Blog: Technology and Operations - 2023 in Review

Technology Update 2023
Hi all,

It’s hard to believe that we’ve not even been at this for a full year, yet.

As we approach the end of 2023 it seems like a good time to take a look at what we’ve done on the Technology and Operations side of the co-op in order to keep the lights on and provide stable technical resources for our members.

It has been an eventful year, and I am proud of what we have accomplished!

I wanted to look back and take an opportunity to share some of the key milestones and challenges we’ve encountered this year.

Starting the Journey:

@boris kickstarted our Mastodon deployment with a one-click install from Digital Ocean back on December 11th, 2022.

Aside from some initial configuration and the setup of some founding accounts, not much happened until we started opening the doors to new members in April of 2023.

Boris and @timbray put out a call for volunteers to help run this thing and a few of us answered.
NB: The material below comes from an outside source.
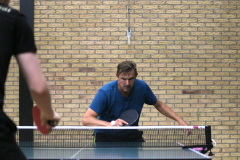 Dick Voois tegen Benno Schmidl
It’s a tricky thing to figure out how to be useful in a volunteer organization, and I am grateful to Boris for the guidance and encouragement he offered myself and our other TechOps volunteers from the very outset.

Mastering Mastodon:

Our first task was to learn the ins and outs of Mastodon.

The one-click install provided by Digital Ocean was a useful starting point for our little server, but anyone who runs applications on the Internet will tell you that as soon as the system is live, you’re engaged in an endless battle against entropy.

Things break. Things need to be (constantly) updated.

Mastodon is built in Ruby on Rails and is a complex bit of software.

Knowing how to tell what a system needs to keep running smoothly is job one when taking on any new operations task, so we set about figuring things out.

Improving Visibility:

Shortly after I joined the team, we had our first outage.

I’m not sure what caused it, it was resolved with a quick reboot, and we weren’t down for very long, but the incident revealed that we were missing some crucial information about the operation of the server.

One of the first things we set out to do was to cobble together some monitoring and alerting tools so that we’d be able to tell if something was going on that might compromise the availability or performance of the server.

This suite of tools has grown throughout the year, providing insight into Mastodon’s internals, and giving us better ways to understand the health of the overall system.

Working Together:

In April, we were joined by Roberto, whose early involvement has been a major contributor to our ongoing success.

Roberto is a Terraform genius, and kindly integrated our GitHub, Digital Ocean and AWS environments using Terraform. We’ve been building on this work ever since, and I wanted to give him a shoutout for this significant contribution to our operations.

The core tech-ops team has remained small throughout the year, but we’ve been recently joined by Gov and Ian, and we’re continuing to learn how to build on each other’s strengths.

We come from various IT backgrounds, no-one has a ton of Ruby on Rails experience, and unless you’ve run one of these systems before you probably don’t know anything about it.

We’re all learning about what we’re running as we’re running it, which is exciting and challenging.

I’ve greatly enjoyed working with these guys, and I am excited to grow our team and and our technology in the year ahead.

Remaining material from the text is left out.